Ещё один интересный отладчик: PuDB представляет собой консольный дебагер с графическим интерфейсом:
Не буду много о нём писать (честно говоря, я сам активно им не пользовался), предлагаю прочитать короткую заметка на хабре: Удобный отладчик для Python/Django проектов от пользователя int22h или более полный обзор: Отладка Python/Django при помощи PuDB.
Winpdb
Standalone отладчик Python, на этот раз с полноценным графическим интерфейсом: Winpdb:
Его разработчики утверждают, что winpdb в 20 раз быстрее pdb, а так же поддерживает работу с тредами. Очень большой и подробный туториал можно найти на этой странице: code.google.com/p/winpdb/wiki/DebuggingTutorial.
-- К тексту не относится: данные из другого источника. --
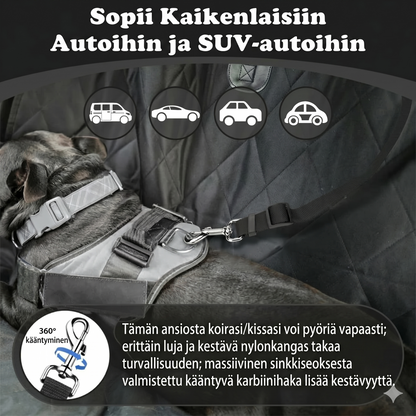 2-in-1 koiran turvavyö ja talutushihna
Отдельного слова заслуживают универсальные «комбайны» программирования: IDE, которые позволяют не выходя из редактора запустить код, отпрофилировать его или запустить встроенный отладчик. Я, пожалуй, выделю несколько продуктов, предназначенных для разработки на Python: PyCharm, PyDev, Wing IDE и PTVS.
Если честно, я не вижу особого смысла рассматривать каждую из этих IDE, достаточно знать что они есть, что они успешно справляются со своими задачами и вы можете использовать встроенный отладчик прямо из редактора, — это действительно удобно, круто и здорово.